If you’re not already, start gently doing paw touching, ear sniffing and gum rubbing etc. to get them used to it. Even if they’re not a puppy, you can help them at any age. Just start with what they are comfortable with, give rewards as you’re going and build it up at their pace.

So we’re a step behind with Bodie. But we’ve done a lot of that over the six months we’ve had him. Doing it when he’s in a nice relaxed mood, just stroking his legs, stroking the parts of his body that he’s better with us touching. And then a little bit of paw twiddling and touching between his toes, nails and all that kind of stuff. We’ve been building up slowly, obviously feeding him nice things while we’re doing it. He’s still not great, but it’s getting better. So that’s a work in progress for us.

So I knew the vet check-up would be a little bit challenging for him. To help prepare him we’ve done quite a lot of popping into the vets without doing anything. We go in there and just get him stand on the scales, and hang around for a little while. Or the nurses in reception feed him some dried liver, and we take him out again. So he’s got more used to it, but there’s obviously cats and dogs and lots of strange smells.

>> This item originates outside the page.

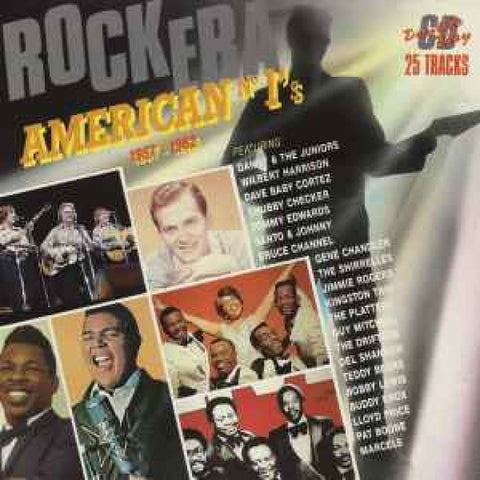 Various – Rock Era - American No. 1’s 1957-1962 CD - CD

So it’s still an exciting and stressful place.

I’d been thinking about a backup strategy if he couldn’t cope with what the vet needed to do in the treatment room. A lot of the ‘desensitisation’ work that I’ve done with him is when he’s clipped into the boot of the car after a walk. Once he’s in the boot I’ll use ‘Clean Sheets’ (textured wet wipes) for dogs. And I’ve been stroking his body with them, cleaning his paws, legs and belly. Even up and over his head. With the other hand (or useful boyfriend if he’s with us!), I’ll be feeding him to help distract him and give positive associations to what’s going on.

So I thought as a backup plan, I would see if the vet would do some of the work with him the boot of my car! Bodie did relatively well for most of the appointment. The vet was amazing; he was really sensitive to how Bodie was reacting. He didn’t mind having a face wash from Bodie as he was going in for an ear inspection! His teeth are all lovely and clean as a puppy’s should be, but we do give him lots of natural chews and bones to keep the plaque off his teeth. The vet managed to gently feel his body, while stroking him, he was very good at disguising the fact that that he was getting a check up. The stethoscope was a bit of a challenge, but he spent time letting him sniff it as I fed him dried sprats.

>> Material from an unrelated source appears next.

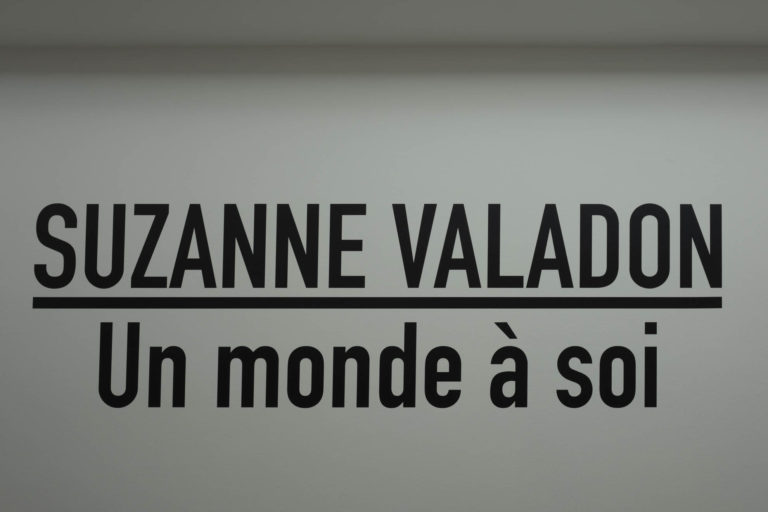 Suzanne Valadon à Pompidou-Metz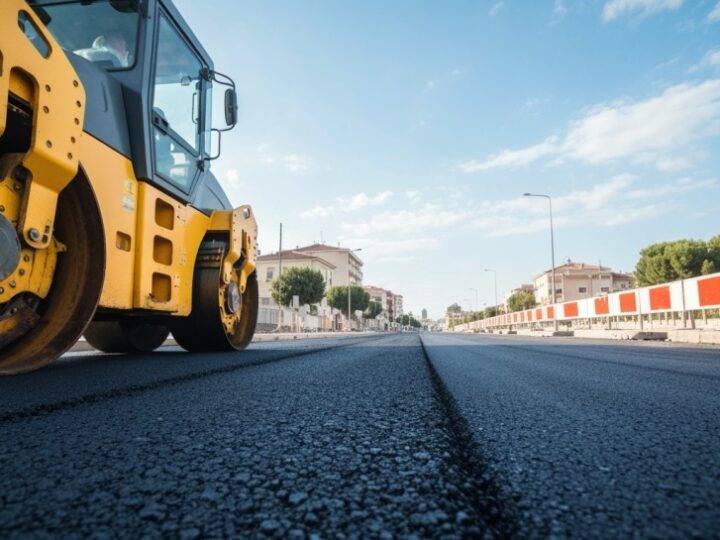 Remont ul. Komora w Michałowicach: Utrudnienia w ruchu i zmiany w kursach autobusów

I’ve been doing prep for an injection by picking up the scruff of his neck and just poking him gently with a pen helping him getting used to that feeling. But by now we’ve been in there for 25 minutes and I think Bodie had reached his limits and the sprat/chicken distraction wasn’t working any more. So I suggested we get him back in the boot of the car to do the injection and the vet was totally up for that.

So we take him outside, he hops up into the car nicely now and I was just feeding him chicken and before he’d even noticed, he got the injection and we were done!

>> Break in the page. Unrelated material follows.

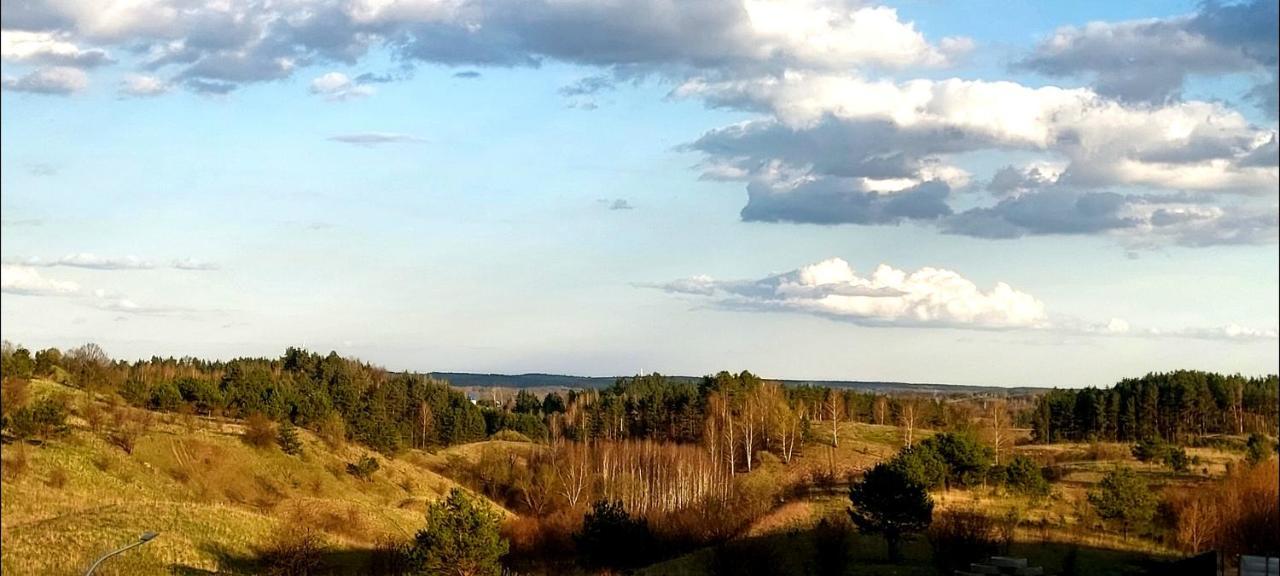 Апартаменти Apartament ,, Cos Niecos ,, Suwalki Loft, Klimatyzacja, Prywatny Parking, Monitorowane Zamkniete Osiedle Екстер'єр фото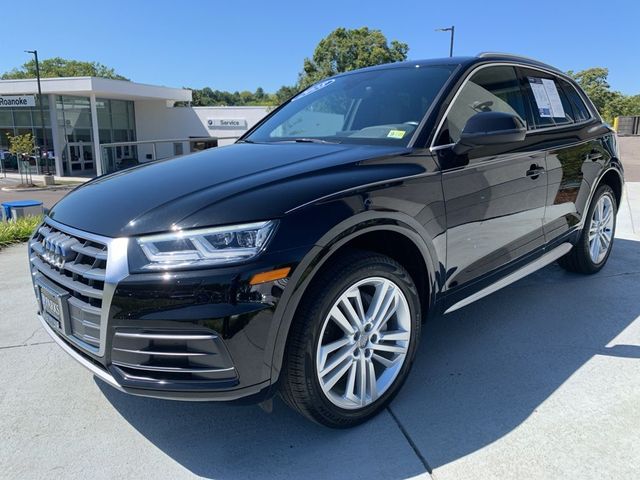 2018 Audi Q5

I’m so pleased I’d thought about what I was going to do to help him in advance. And because I’d thought it through, I was calmer going in, expecting it to be fine. He would have picked up on me not being worried. In another six months’ time he’ll be even better and it should just get easier.

So all I wanted to say was just the importance of knowing your dog and knowing what knowing what’s right for them. And not being afraid to ask for what they need.